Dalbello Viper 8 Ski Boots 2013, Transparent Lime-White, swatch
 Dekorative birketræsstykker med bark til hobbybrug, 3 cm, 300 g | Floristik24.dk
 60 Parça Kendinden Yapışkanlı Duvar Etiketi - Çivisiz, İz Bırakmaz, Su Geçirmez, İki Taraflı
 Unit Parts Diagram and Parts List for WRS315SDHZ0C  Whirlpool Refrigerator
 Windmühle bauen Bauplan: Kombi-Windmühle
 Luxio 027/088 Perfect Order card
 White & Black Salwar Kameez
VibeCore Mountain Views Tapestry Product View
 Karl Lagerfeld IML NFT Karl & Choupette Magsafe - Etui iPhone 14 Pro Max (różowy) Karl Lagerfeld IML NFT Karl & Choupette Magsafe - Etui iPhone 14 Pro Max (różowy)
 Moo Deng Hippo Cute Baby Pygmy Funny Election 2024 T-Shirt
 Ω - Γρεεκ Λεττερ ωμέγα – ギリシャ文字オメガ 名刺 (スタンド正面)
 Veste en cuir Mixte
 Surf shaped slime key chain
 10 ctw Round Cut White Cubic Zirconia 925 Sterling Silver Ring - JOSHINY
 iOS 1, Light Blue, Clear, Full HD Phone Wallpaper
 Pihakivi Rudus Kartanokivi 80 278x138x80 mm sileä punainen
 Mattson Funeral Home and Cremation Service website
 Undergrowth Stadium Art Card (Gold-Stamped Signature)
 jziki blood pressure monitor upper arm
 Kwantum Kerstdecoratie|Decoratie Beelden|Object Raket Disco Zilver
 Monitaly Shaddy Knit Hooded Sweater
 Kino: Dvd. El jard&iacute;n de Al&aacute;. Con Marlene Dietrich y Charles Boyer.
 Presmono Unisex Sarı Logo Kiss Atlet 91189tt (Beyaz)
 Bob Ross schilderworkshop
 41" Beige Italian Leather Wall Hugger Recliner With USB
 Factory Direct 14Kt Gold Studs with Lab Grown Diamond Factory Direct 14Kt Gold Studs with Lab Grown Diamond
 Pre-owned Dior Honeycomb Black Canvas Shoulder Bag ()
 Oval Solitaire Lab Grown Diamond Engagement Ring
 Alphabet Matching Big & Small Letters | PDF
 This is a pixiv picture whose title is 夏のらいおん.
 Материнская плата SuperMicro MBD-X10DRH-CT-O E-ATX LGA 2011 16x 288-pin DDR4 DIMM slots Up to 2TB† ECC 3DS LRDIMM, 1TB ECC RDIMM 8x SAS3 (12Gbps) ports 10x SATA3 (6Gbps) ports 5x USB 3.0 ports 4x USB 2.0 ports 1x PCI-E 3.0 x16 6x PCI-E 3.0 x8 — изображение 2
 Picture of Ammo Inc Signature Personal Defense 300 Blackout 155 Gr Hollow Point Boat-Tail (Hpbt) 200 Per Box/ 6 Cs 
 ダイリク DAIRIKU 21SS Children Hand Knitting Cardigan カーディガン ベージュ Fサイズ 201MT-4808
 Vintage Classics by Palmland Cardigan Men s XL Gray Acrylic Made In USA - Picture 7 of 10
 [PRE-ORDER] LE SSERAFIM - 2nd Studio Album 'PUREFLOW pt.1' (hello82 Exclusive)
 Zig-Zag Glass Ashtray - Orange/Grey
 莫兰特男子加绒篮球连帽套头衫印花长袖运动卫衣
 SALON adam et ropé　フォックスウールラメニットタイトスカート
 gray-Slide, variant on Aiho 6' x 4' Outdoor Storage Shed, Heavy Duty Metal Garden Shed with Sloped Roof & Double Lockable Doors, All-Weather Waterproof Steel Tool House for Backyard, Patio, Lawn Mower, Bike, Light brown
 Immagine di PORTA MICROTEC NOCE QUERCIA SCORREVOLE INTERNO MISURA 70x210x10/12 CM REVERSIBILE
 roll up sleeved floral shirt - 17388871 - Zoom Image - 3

=== TASK GOAL ===
Where the data above reaches the line holding "jziki blood pressure monitor upper arm", begin printing, and stop after the line holding "Recliner With USB". Each line must be reproduced exactly, with nothing else added.

=== EXERCISE ANSWER ===
 jziki blood pressure monitor upper arm
 Kwantum Kerstdecoratie|Decoratie Beelden|Object Raket Disco Zilver
 Monitaly Shaddy Knit Hooded Sweater
 Kino: Dvd. El jard&iacute;n de Al&aacute;. Con Marlene Dietrich y Charles Boyer.
 Presmono Unisex Sarı Logo Kiss Atlet 91189tt (Beyaz)
 Bob Ross schilderworkshop
 41" Beige Italian Leather Wall Hugger Recliner With USB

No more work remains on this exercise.